Endereço para correspondência

Ricardo Rodrigues-Pinto, PhD
Largo Prof. Abel Salazar
Porto, 4099-001
Portugal   

Publication History

12 July 2018

04 December 2018

Publication Date:
02 March 2020 (online)

 

Resumo

Objetivo Historicamente, os resultados da artroplastia da primeira articulação metatarsofalângica (1MTP) eram relativamente ruins; no entanto, melhorias na compreensão da biomecânica normal do pé, nos materiais e no design dos implantes, tornam a artroplastia um tratamento aceitável em pacientes selecionados. O presente estudo pretendeu comparar os resultados clínicos e radiográficos da artrodese com os da artroplastia da 1MTP no tratamento de hallux rigidus e apresentar um racional para seleção de pacientes para artroplastia.

Métodos Um total de 36 pacientes (38 pés) com hallux rigidus operados (12 artrodeses e 26 artroplastias) foram prospectivamente incluídos. A dor foi avaliada com recurso à escala visual analógica (VAS) e o resultado funcional usando a escala American Orthopaedic Foot and Ankle Society Hallux Metatarsophalangeal-Interphalangeal (AOFAS-HMI). As complicações e os resultados radiográficos foram também registrados e a taxa de sobrevida calculada para os dois procedimentos.

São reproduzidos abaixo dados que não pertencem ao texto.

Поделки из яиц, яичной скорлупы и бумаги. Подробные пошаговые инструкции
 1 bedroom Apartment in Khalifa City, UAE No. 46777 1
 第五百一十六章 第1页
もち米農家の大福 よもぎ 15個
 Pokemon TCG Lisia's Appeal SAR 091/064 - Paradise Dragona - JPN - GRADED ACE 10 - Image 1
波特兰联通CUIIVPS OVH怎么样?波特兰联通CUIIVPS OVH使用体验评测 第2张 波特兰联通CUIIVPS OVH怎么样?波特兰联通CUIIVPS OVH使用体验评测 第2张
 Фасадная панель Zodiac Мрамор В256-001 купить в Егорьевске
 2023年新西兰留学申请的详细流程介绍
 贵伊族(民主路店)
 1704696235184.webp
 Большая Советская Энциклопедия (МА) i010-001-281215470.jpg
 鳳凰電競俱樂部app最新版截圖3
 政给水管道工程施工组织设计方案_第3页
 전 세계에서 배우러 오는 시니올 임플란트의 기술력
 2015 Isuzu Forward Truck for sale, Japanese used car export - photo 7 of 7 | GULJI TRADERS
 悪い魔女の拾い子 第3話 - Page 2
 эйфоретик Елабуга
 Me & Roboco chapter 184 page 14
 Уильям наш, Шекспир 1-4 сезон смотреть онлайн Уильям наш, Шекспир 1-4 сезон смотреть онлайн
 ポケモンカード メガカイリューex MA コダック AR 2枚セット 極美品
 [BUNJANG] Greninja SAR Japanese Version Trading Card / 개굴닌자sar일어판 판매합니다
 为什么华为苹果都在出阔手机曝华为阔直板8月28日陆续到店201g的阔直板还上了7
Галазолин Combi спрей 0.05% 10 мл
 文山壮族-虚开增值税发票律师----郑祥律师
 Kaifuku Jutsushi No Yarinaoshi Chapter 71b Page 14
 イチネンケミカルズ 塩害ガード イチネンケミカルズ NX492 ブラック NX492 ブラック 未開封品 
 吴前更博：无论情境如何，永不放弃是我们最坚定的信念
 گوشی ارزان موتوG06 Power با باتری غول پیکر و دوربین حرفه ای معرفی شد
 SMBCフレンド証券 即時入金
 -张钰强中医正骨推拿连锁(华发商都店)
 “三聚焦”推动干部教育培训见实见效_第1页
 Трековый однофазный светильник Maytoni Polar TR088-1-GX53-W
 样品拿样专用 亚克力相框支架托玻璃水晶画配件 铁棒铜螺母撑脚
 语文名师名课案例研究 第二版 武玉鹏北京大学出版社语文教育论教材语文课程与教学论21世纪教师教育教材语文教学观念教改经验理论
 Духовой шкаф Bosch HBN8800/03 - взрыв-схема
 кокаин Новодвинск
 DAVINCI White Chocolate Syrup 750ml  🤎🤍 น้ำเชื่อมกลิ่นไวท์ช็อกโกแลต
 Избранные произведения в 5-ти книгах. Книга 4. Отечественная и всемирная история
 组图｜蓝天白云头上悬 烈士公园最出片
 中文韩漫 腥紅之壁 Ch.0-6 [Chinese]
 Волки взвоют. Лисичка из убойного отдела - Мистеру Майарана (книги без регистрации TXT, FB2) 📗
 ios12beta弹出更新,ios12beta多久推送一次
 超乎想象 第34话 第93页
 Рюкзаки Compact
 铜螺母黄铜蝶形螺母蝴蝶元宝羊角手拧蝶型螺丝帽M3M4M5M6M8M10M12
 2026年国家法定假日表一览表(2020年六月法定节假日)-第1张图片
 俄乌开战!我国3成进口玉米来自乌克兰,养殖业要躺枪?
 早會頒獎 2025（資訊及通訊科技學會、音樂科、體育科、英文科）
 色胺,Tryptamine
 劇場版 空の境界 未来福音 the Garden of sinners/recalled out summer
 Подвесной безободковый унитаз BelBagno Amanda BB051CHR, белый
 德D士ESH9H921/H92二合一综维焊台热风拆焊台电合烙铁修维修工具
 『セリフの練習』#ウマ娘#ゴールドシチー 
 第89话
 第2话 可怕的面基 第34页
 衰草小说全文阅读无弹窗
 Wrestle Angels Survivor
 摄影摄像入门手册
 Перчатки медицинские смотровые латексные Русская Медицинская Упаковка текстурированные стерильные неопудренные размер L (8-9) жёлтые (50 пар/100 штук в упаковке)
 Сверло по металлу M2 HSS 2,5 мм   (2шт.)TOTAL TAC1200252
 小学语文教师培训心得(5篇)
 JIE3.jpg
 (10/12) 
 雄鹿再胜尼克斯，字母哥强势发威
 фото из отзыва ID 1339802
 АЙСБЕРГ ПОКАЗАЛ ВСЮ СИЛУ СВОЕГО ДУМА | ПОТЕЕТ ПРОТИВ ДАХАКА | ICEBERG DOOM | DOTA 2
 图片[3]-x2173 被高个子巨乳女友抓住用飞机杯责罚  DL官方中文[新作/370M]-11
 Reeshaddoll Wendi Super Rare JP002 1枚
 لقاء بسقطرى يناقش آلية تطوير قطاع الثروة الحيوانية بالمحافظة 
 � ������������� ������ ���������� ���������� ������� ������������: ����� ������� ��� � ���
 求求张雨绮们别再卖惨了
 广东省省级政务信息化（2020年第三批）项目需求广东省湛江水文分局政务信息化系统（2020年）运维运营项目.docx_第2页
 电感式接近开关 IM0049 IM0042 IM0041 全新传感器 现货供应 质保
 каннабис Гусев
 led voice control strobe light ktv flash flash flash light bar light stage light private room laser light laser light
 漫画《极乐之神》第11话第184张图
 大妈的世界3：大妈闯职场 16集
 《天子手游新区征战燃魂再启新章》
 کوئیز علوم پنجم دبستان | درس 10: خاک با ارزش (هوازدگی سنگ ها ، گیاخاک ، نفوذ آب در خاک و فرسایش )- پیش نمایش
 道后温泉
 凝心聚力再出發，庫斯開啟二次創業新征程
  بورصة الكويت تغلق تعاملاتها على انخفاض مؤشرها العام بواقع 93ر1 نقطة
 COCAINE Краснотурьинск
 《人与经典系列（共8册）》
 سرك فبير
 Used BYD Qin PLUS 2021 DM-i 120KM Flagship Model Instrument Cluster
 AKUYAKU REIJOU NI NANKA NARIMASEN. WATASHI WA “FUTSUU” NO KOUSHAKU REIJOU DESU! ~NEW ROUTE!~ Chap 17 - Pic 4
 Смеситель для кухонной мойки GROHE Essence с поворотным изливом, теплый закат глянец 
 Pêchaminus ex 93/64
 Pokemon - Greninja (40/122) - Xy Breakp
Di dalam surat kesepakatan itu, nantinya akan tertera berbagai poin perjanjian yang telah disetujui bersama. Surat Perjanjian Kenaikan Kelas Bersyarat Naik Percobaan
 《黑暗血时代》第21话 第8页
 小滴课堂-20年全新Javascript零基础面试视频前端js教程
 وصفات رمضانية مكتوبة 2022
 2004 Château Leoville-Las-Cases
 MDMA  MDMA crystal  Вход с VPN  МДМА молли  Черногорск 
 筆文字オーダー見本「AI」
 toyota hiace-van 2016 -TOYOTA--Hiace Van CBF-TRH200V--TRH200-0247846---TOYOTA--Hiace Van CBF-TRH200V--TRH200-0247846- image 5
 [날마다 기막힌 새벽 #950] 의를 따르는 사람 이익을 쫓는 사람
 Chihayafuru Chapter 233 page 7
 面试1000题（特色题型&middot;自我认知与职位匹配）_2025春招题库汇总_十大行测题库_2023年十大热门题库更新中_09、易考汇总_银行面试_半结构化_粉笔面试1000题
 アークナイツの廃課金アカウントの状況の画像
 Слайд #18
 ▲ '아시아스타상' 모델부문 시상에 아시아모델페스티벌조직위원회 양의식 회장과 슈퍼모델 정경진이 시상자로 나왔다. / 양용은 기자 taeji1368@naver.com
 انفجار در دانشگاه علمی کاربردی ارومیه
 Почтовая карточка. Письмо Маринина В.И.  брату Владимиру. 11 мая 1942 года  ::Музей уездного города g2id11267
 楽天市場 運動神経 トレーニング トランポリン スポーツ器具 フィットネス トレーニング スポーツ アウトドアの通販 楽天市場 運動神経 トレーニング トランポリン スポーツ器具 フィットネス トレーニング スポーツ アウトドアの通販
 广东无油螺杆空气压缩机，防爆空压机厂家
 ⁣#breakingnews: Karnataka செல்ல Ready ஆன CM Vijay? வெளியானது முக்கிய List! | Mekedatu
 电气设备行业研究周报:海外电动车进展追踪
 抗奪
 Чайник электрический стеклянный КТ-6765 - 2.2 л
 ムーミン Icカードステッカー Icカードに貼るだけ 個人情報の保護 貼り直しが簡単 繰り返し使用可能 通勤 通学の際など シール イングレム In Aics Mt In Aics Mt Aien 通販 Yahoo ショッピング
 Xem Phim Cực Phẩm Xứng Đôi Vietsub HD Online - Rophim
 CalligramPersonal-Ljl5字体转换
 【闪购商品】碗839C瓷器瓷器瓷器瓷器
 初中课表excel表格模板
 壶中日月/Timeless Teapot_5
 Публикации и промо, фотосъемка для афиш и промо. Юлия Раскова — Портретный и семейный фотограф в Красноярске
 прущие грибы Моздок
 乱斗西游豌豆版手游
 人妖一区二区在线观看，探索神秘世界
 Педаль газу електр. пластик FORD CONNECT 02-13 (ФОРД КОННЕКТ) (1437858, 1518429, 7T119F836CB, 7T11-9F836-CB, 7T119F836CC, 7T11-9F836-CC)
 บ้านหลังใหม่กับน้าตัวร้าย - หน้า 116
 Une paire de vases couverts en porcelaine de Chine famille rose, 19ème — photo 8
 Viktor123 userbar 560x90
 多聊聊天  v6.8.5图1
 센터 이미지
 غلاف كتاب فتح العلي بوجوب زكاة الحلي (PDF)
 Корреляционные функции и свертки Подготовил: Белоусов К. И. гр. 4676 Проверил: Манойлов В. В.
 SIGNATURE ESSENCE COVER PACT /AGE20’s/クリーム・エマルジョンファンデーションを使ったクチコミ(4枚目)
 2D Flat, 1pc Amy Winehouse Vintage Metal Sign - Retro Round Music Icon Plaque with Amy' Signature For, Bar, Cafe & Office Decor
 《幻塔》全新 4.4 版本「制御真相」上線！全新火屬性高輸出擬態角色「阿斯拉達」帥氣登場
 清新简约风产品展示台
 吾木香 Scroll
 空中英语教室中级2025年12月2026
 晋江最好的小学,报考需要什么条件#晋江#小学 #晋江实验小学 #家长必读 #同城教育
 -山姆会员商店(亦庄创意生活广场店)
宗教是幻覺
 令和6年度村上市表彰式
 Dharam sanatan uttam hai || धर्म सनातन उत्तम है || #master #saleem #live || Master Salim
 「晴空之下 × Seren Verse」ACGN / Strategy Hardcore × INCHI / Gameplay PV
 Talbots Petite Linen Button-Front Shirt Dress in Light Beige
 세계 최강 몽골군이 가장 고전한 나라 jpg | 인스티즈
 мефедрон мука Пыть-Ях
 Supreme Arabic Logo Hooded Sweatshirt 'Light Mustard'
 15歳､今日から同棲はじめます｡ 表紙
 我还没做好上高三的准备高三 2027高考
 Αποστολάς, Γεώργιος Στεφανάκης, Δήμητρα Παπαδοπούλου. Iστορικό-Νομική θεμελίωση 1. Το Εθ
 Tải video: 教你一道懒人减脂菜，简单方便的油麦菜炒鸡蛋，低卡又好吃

Resultados Todos os pacientes referiram uma melhoria significativa na dor e nos resultados funcionais após a cirurgia. Os pacientes submetidos a artroplastia tiveram melhor resultado funcional na escala AOFAS-HMI (89,7 versus 65.7 pontos; p < 0.001) e melhor alívio da dor (VAS 1,6 versus 3,9 pontos; p = 0,002) quando comparados com os doentes submetidos a artrodese. Registrou-se um caso de infecção no grupo da artroplastia e 2 casos de pseudoartrose no grupo da artrodese.

Conclusão A artrodese permite alívio da dor e resultados satisfatórios, mas altera a biomecânica da marcha. Tal como a artrodese, a artroplastia melhora a dor significativamente, sendo uma alternativa mais fisiológica para preservar a biomecânica do pé. Apesar dos dois tratamentos terem bons resultados clínicos, em pacientes selecionados, a artroplastia teve melhores resultados clínicos e menor taxa de revisão.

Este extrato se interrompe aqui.